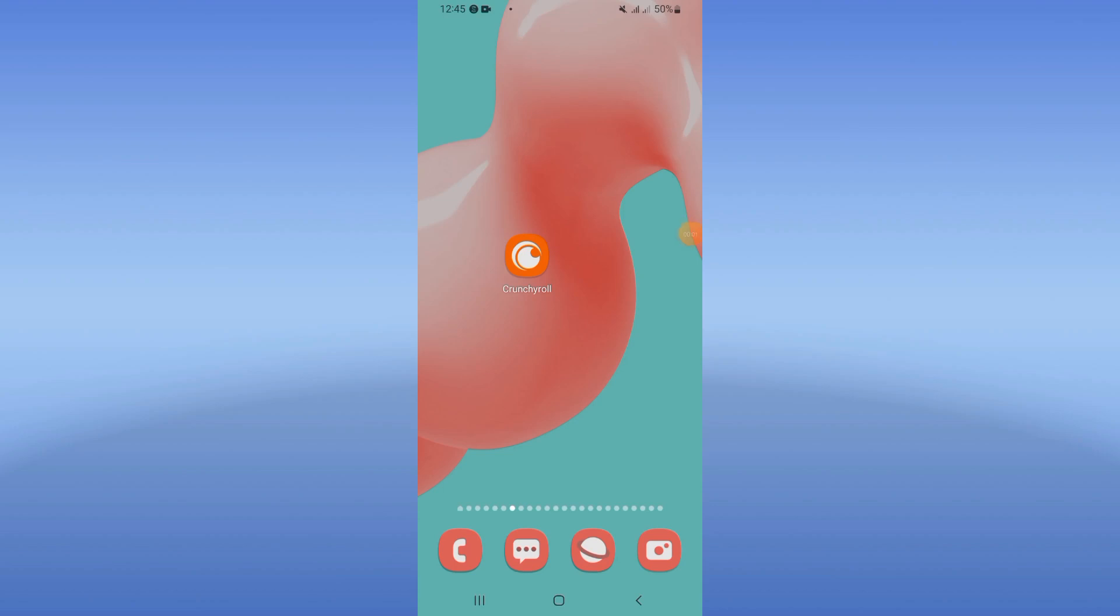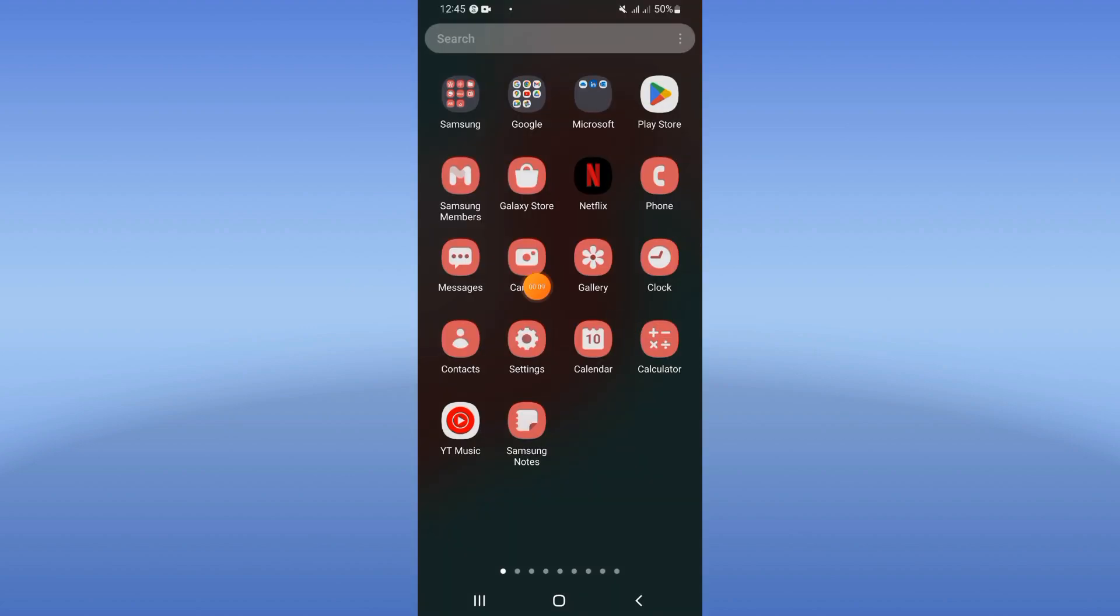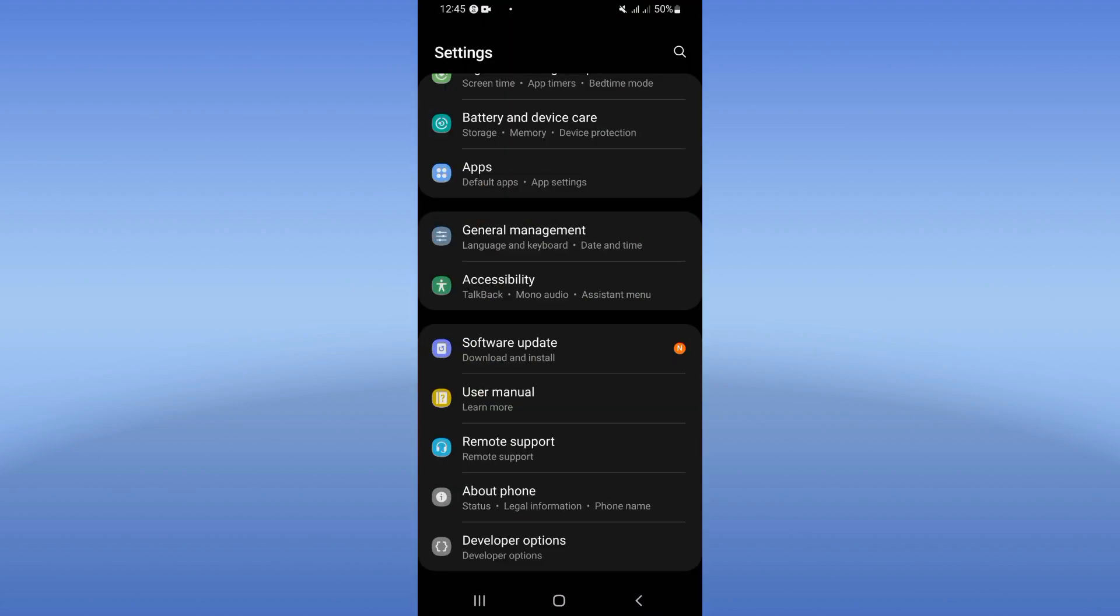What's up guys, welcome to this video. Today I will show you how to fix subtitle delay on your Crunchyroll. So first step, you should open the settings of your device.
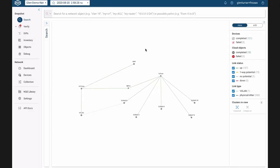Hi again, my name is Glenn Turner and within this section, I'm going to show you the power of Forward Enterprise search capabilities.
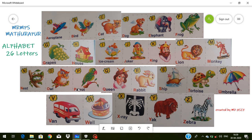Hello students, there are many figures you see on your screen — these are English words. There are 26 letters of the English alphabet. Now we can read one by one. A for aeroplane — aeroplane means hawaijahaj.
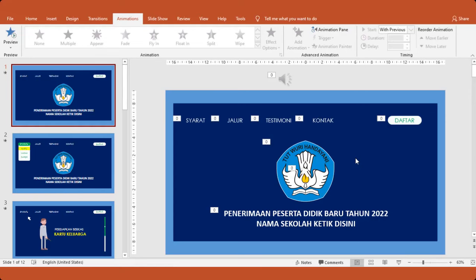Halo sahabat HSC, jumpa kembali bersama saya Arla Fadila. Gimana animasi tadi? Keren kan?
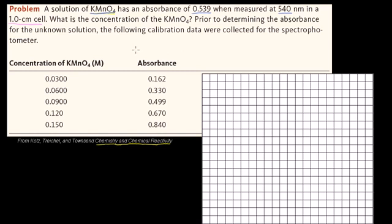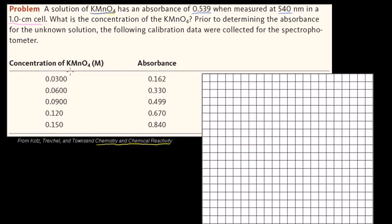What we're going to do is plot the absorbances of these known concentrations. From the Beer-Lambert Law, there is a linear relationship between absorbance and concentration. So the unknown absorbance will sit on that line, and we just read off the corresponding concentration. That will be our unknown concentration. Let's plot this first.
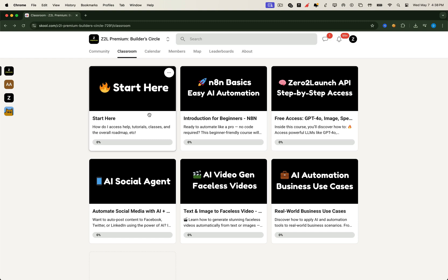Welcome to the Zero2 Launch Premium Builder Circle. If you've been loving the free content, this next chapter is going to blow your mind. Let's jump in. Here's a quick preview of what you'll unlock as a founding member.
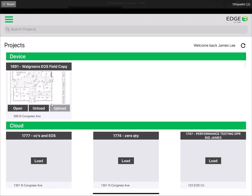What we have done here is extremely similar to checking out a bid in the Edge estimator. Now, we've taken it from the cloud and brought it to our local device so we can make our changes.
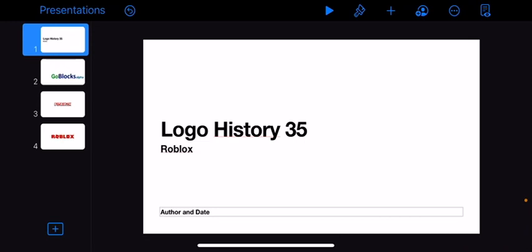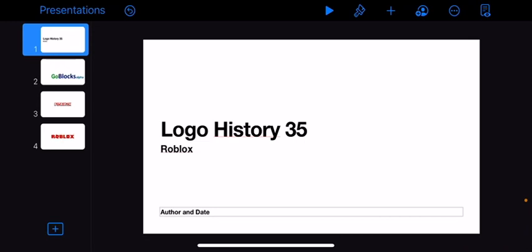Roblox is a game where you can create and build. So let's jump into it.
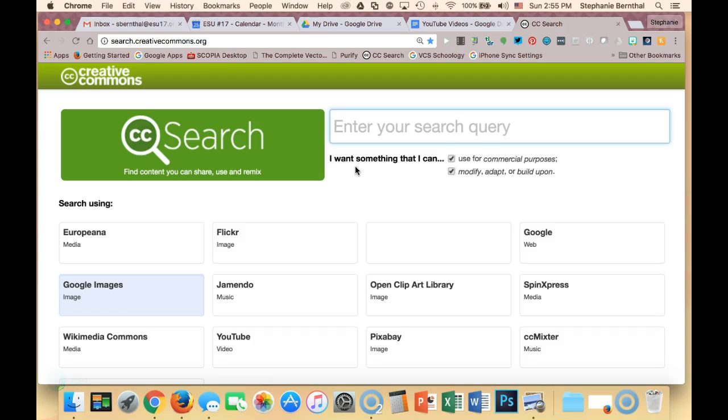getting licensing rights to music can be very difficult and oftentimes very expensive. Luckily, Creative Commons has a lot of music that they offer you with the Creative Commons or Public Domain license so you can use them in your project as long as you give the author attribution.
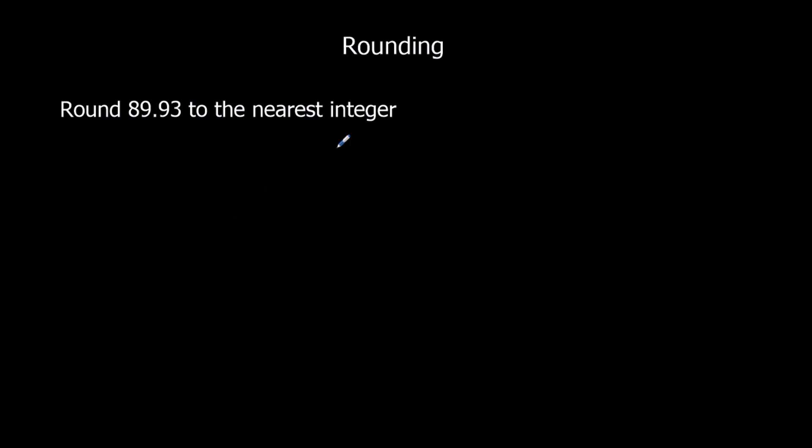Okay, integer is another word for whole number. So again, we look at the number below, 89 in this case, number above, 90. Halfway is 89.5.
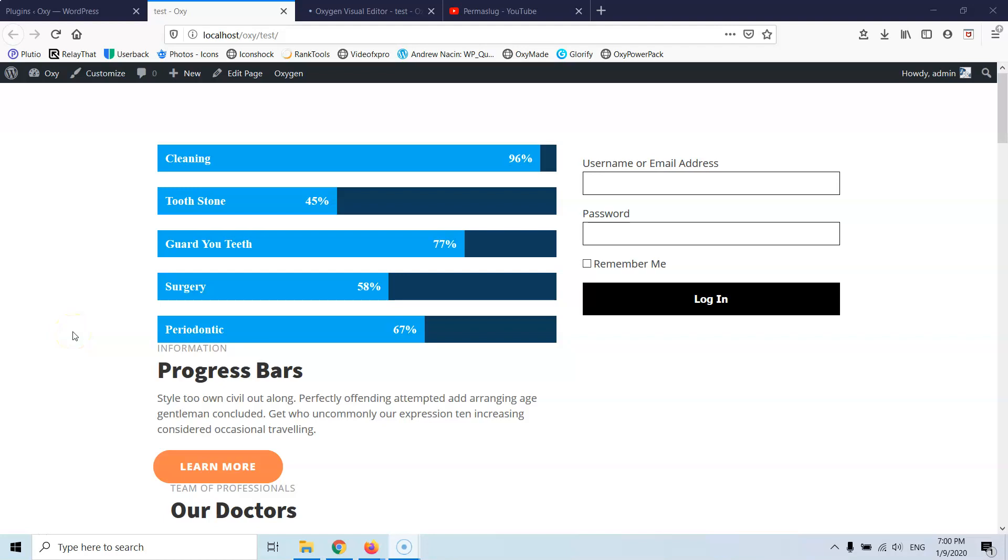In this video we're going to see how we can create sticky elements and have them sticky in our page. It doesn't matter which page builder we are using, we can do it with every page builder we have.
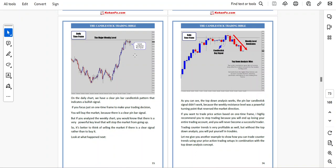On the daily chart, we have a clear pin bar candlestick that indicates a bullish signal. If you focus on just one timeframe to make a trading decision, you will buy the market because there is a clear pin bar signal. But if you analyze the weekly chart, you would know that there is a very powerful key level that will stop the market from going up, so it is better to think of selling the market if there is a clear signal rather than buying it. Look at what happened next — the top-down analysis works. The pin bar candlestick signal did not work because the weekly resistance level was a powerful turning point that reversed the market direction. If you want to trade price action based on one timeframe, I highly recommend you stop trading because you will end up losing your entire trading account and will never become a successful trader.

YOUR INSTRUCTIONS » Out of the records above, set down only the lines from the one that contains "Okay, integer is" through the one that contains "In this video", unchanged and without the pictures.

EXERCISE RESULT »
Okay, integer is another word for whole number. So again, we look at the number below, 89 in this case, number above, 90. Halfway is 89.5.
In this video we're going to see how we can create sticky elements and have them sticky in our page. It doesn't matter which page builder we are using, we can do it with every page builder we have.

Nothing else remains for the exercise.